### Prompt
Transcribe word for word the lines below from the line with "Libros: Libro Producci&oacute;n" through the line with "Hotel Castello di Reschio en Italy", ends included.

### Source material

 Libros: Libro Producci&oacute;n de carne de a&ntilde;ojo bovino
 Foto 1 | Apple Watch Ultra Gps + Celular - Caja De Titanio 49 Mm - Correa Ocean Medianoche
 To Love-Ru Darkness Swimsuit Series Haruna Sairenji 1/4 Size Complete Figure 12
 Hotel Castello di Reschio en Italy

---

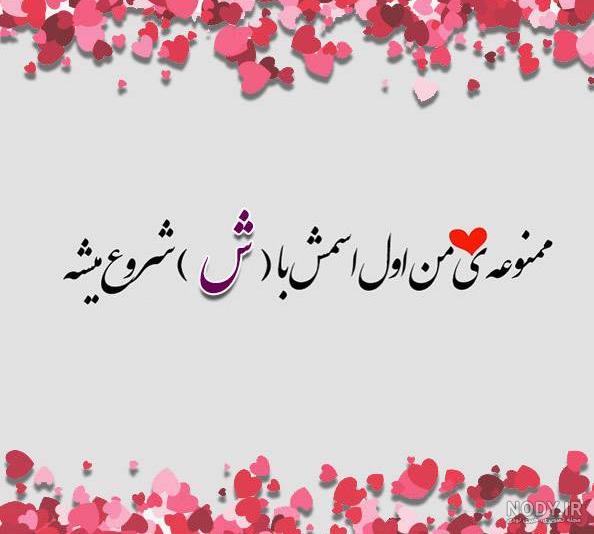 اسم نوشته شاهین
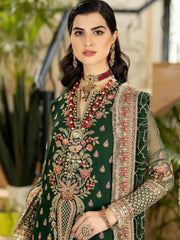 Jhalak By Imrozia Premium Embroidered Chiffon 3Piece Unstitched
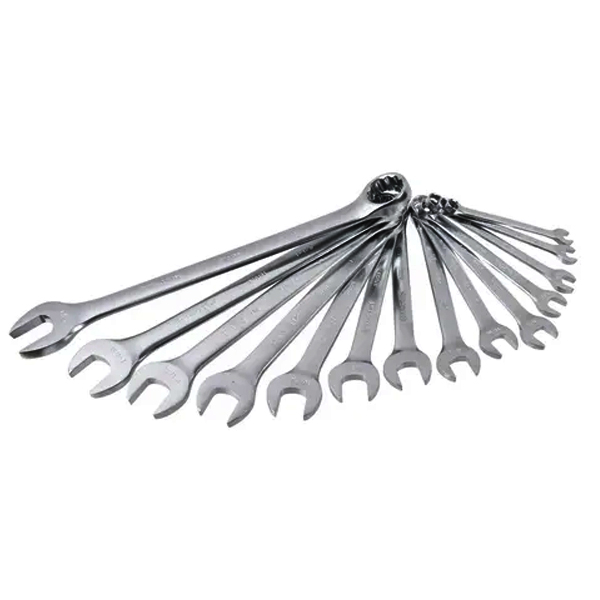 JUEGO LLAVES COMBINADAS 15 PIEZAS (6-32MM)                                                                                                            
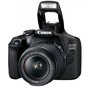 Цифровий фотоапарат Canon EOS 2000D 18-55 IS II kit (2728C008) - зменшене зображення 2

---

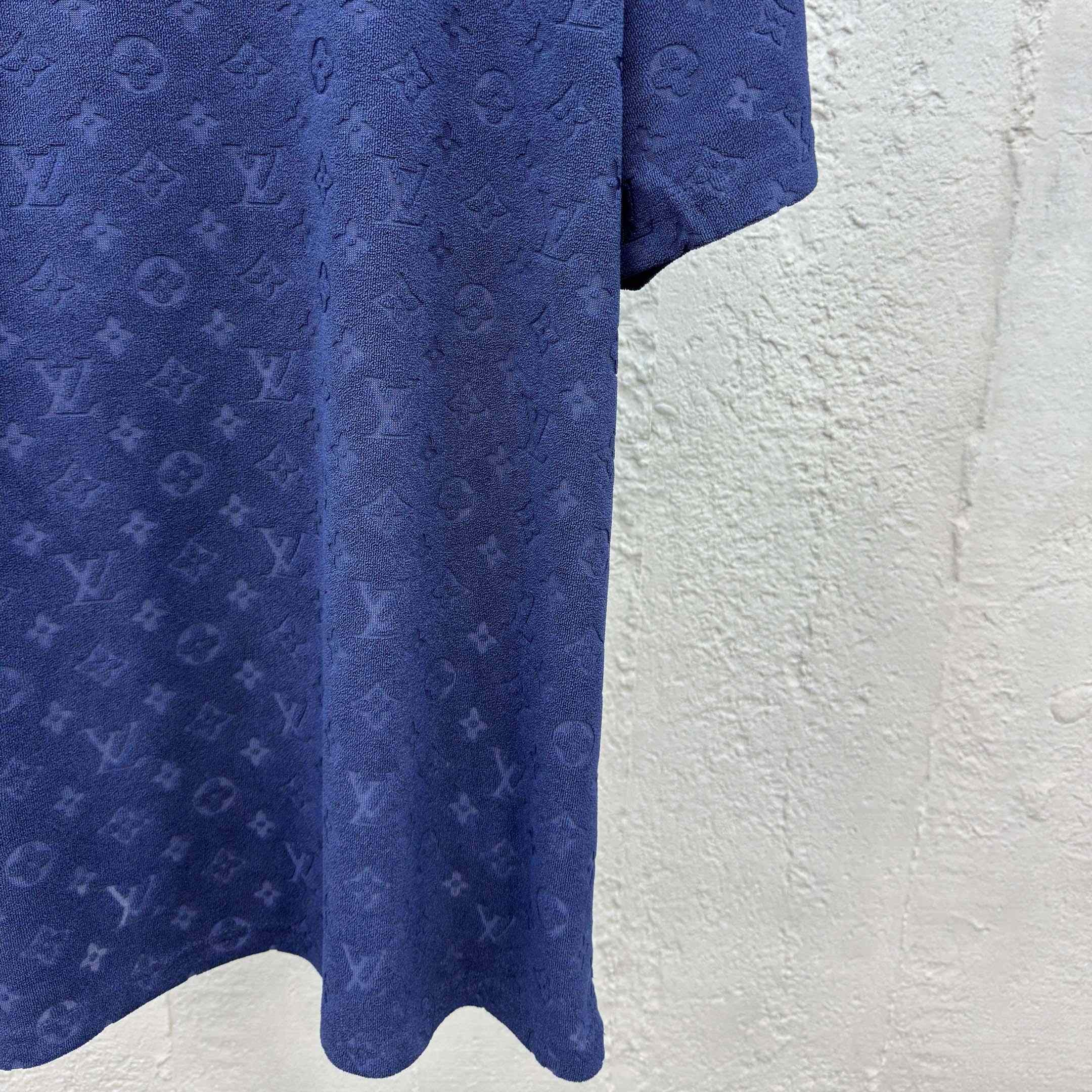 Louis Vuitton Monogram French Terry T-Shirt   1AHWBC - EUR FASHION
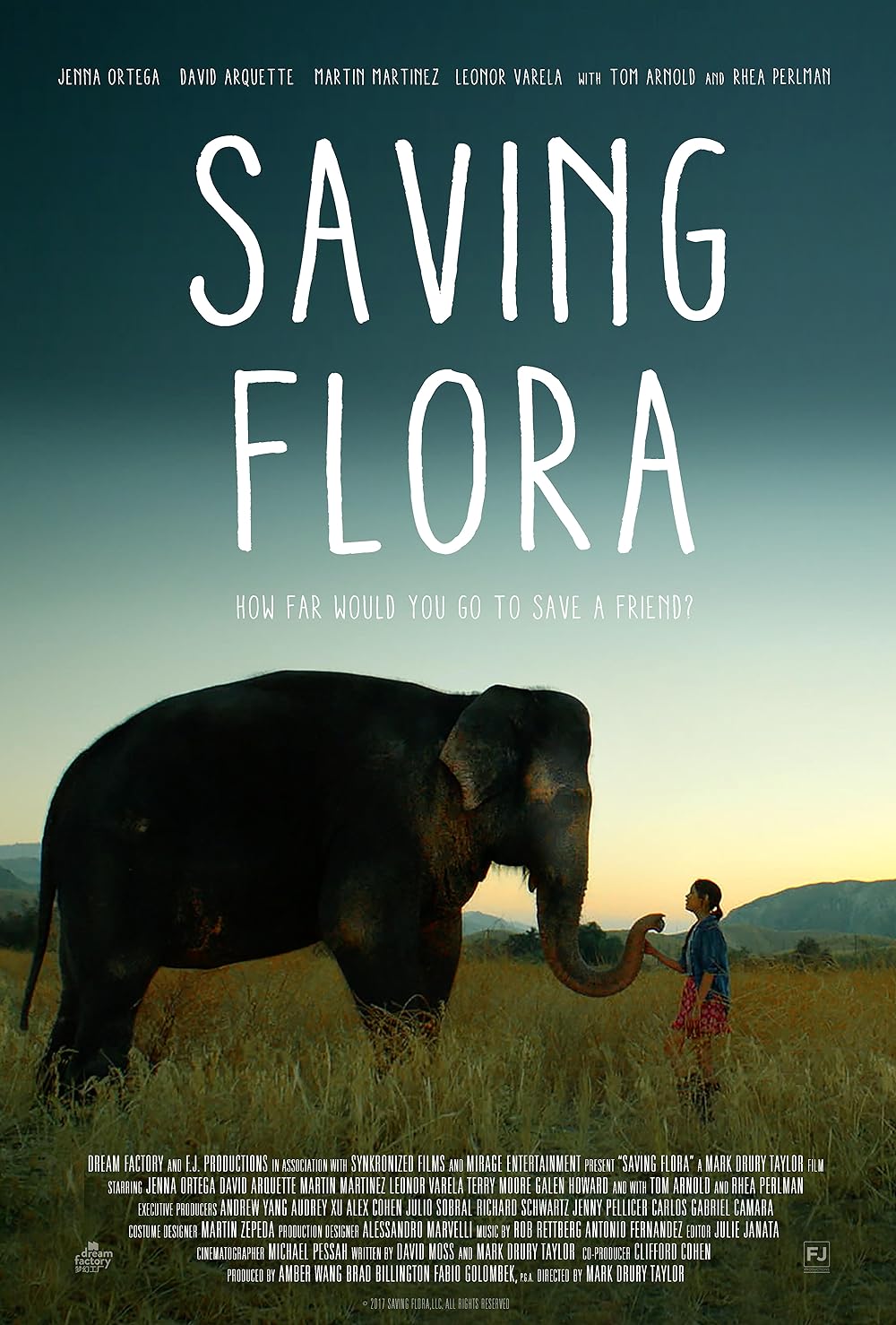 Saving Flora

### Written solution
 Libros: Libro Producci&oacute;n de carne de a&ntilde;ojo bovino
 Foto 1 | Apple Watch Ultra Gps + Celular - Caja De Titanio 49 Mm - Correa Ocean Medianoche
 To Love-Ru Darkness Swimsuit Series Haruna Sairenji 1/4 Size Complete Figure 12
 Hotel Castello di Reschio en Italy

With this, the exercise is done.